The research I conducted for the ASIANetwork Freeman Foundation grant has helped me develop a clear sense of my future. The paper I wrote in March 2009, entitled “Search for a National Identity: Korea after Liberation,” combined multiple sources and opened a door, especially when I learned that the conference organizers selected my paper for publication in the conference proceedings. While in Japan, every day was filled with experiences that gave new life to the research I completed beforehand. For instance, in Nagasaki, I walked the streets where the second atomic bomb hit and had the rare privilege to speak to Yamawaki-san, a hibakusha (an atomic bomb survivor). This experience surpassed any reading about the events of that day. The research I did prior to traveling to Japan dealt primarily with East Asian women and the roles society cast upon them. I also studied the relationship between Japan and Korea during Japan’s occupation of the country. I saw a correlation between the expectations of women and the Korean nation. both were defined as weak in the eyes of Japanese imperialists.
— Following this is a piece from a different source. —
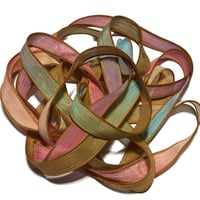 Image 3 of 1PC. FIESTA 42" hand dyed wrist wrap bracelet silk ribbon//Yoga wrist wrap bracelet ribbon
I began to wonder if identity is determined only by those dominating society or if that identity can be defined by internal forces. While studying in Japan this past summer, I also expanded my range of exploration to include the role Buddhism has played in defining Japanese identity, the past and current interaction between China, Korea and Japan, how museums in Japan present this historic interaction. I am now writing a paper on “East Asian Women: Exemplary Lives of Fulfillment through Sacrifice.”
Victoria Poston

My comparative study of literary and historical (including museum) representations of East Asia’s warriors relies on sources such as Chushingura, Sun Tsu’s The Art of War, selections from Luo Guanzhong’s Three Kingdoms, and from various Buddhist texts, and seeks to gain an understanding of the ways in which the warriors of East Asia learned and executed their ideals. Together, the samurai of Japan, the wuxia of China, and the lesser-known hwurang of Korea have shaped the image of the East Asian warrior as one that combines physical, spiritual, and emotional strength with intellectual and artistic excellence. The richly textured experience in Japan visiting sites like the Todaiji, the imperial palaces and villas in Kyoto, various national and regional museums, and also Nagasaki and an atomic bomb survivor has deepened my understanding of East Asian perceptions of warriors as I seek to deepen this comparative study.
Mikkenna Woods

My research focuses on bridges between China, Korea and Japan that facilitated the spread of Confucianism to Japan. As the research group travelled through Japan, I searched for evidences of Confucianism. At our first stop in Nara I started worrying: nothing seemed to be about Confucianism. The temples were Buddhist, the shrines were Shinto, and the Nara National Museum never even mentioned Confucius. Few Japanese, guides or ordinary people, knew much about Confucianism or felt that it had left an important mark on Japanese identity. While in Fukuoka (known also as Hakata), I began to focus more on the paintings, ceramics, bronze objects and weapons imported from the continent during the Tang dynastic period in China (7th-9th centuries), and realized that this was a significant entry point in Japan for religious and philosophical texts from the continent as well. Envoys departed from Hakata Bay for China and returned from China to this same place. We later travelled to Nagasaki where I visited one of the few remaining Confucian shrines — koshi-byo — in Japan. Finally, in Nagasaki, I was part of an amazing conversation held with a hibakusha, a man who had lived through the horrors of the atomic bombing. During this conversation I came to realize that he had embraced an important tenet of Confucianism in that he believes that the retelling of his story will help bring harmony, a key Confucian concept, to the world.